Arrestato truffatore a Picinisco dai carabinieri. Adescava le sue vittime sul web e poi, rubando informazioni sull'identità, sottraeva loro somme di denaro. Stessa sorte per il ventisettenne campano fermato ad Atina e trovato in circolazione in macchina con la patente ritirata. A Picinisco, i carabinieri della locale stazione, a seguito di denuncia presentata da un venticinquenne del luogo hanno arrestato un uomo per il reato di truffa.

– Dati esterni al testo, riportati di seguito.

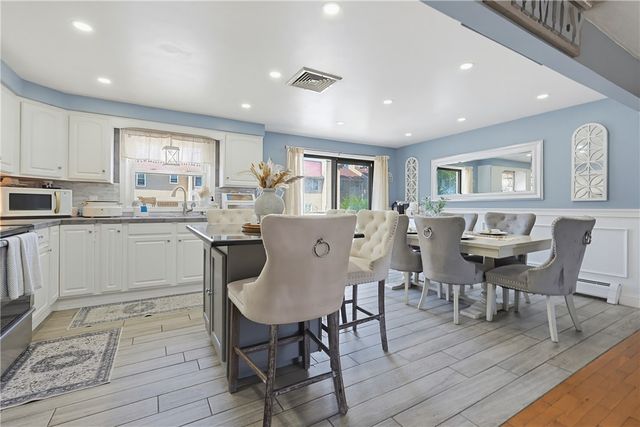33 Scott Drive, East Providence, RI 02915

A conclusione di articolate indagini, un quarantasettenne residente nel nordest Italia già censito per reati analoghi è stato fermato. Il meccanismo della truffa era piuttosto semplice e anche conosciuto nel mondo della comunicazione veloce. L'uomo, infatti, tramite un sito web specializzato in annunci commerciali, concordava la vendita di attrezzatura agricola, facendosi versare la somma di 1.900 euro su una carta prepagata intestata alla persona alla quale veniva rubata l'identità, senza mai consegnare la merce pattuita.
Ad Atina, sempre i carabinieri, a seguito di predisposti servizi finalizzati alla prevenzione e repressione dei reati in genere, e in particolare contro il patrimonio e riguardo anche al controllo della circolazione stradale, hanno deferito in stato di libertà un ventisettenne campano, poiché, a seguito di un controllo, è stato sorpreso alla guida di un'autovettura con patente di guida ritirata da altro organo di polizia. Immediate quindi le manette per il giovane.
Il ragazzo, inoltre, ricorrendone i presupposti, è stato proposto per il rimpatrio con foglio di via obbligatorio, in quanto non riusciva a fornire plausibili giustificazioni circa la sua presenza in loco.